Oh, and bring back Alice please.


----------



## dilbert27 (Dec 1, 2006)

I am another one for the ditch Pria completely and more Alice please!


----------



## sharkster (Jul 3, 2004)

Took me a few minutes to realize where I recognized Alice from (Dexter S04). 

Funny episode all around. Agree about Sheldon shocking self in the head. Great stuff!


----------



## RGM1138 (Oct 6, 1999)

betts4 said:


> (Trimmed)
> 
> I did think the scene with Penny was nicely done. Though she looked like she had put on some weight. Maybe it was all that mac and cheese.


She did look a little puffy. Maybe a bun in the oven?


----------



## YCantAngieRead (Nov 5, 2003)

So how did it end? TiVo cut off in the middle of Priya's confession.


----------



## Bierboy (Jun 12, 2004)

TiVo'Brien said:


> And the half-pound of butter!


...and all the Halloween candy...


----------



## RGM1138 (Oct 6, 1999)

YCantAngieRead said:


> So how did it end? TiVo cut off in the middle of Priya's confession.

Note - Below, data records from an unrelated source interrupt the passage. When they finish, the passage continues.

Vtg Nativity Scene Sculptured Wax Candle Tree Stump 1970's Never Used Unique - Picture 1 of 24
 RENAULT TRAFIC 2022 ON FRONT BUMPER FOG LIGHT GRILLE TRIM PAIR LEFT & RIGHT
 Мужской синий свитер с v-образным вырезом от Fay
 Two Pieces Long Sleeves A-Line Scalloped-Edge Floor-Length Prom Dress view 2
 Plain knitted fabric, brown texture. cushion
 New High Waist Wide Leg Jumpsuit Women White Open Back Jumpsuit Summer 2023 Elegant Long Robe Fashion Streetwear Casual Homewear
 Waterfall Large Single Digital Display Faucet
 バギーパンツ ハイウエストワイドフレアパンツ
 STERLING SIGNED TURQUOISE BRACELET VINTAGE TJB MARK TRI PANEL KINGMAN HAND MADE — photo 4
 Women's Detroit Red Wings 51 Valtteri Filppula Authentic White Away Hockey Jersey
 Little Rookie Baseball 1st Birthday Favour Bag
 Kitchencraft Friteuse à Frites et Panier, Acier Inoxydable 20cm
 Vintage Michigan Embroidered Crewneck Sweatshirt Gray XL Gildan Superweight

It's a shame you can't see the video of this, but . .



Spoiler



After Priya confesses to sleeping with her ex, Leonard signs off and leans back into the couch. (Where he's been sitting in Sheldon's spot).

We hear a scream, and Sheldon explodes from under the cushions, made up as a zombie.

(Long pause).

"Bazinga, punk. Now we're even."


----------



## Bierboy (Jun 12, 2004)

YCantAngieRead said:


> So how did it end? TiVo cut off in the middle of Priya's confession.


Go to CBS.com...they have the full ep to view there....


----------



## Hank (May 31, 2000)

Spoiler



After Priya confesses to sleeping with her ex, Leonard signs off and leans back into the couch. (Where he's been sitting in Sheldon's spot).



But also the details:



Spoiler



Pria says 'we both screwed up, so it's ok.. it's not a competition' and Leonard replies 'Yes it is.. and you won'.. and then signs off.


----------



## verdugan (Sep 9, 2003)

TiVo'Brien said:


> And the half-pound of butter!


And all that Halloween candy!


----------



## YCantAngieRead (Nov 5, 2003)

Oh. I sort of thought the confession was going to be the bazinga. I like it better that it's not.


----------



## Shaunnick (Jul 2, 2005)

sharkster said:


> Took me a few minutes to realize where I recognized Alice from (Dexter S04).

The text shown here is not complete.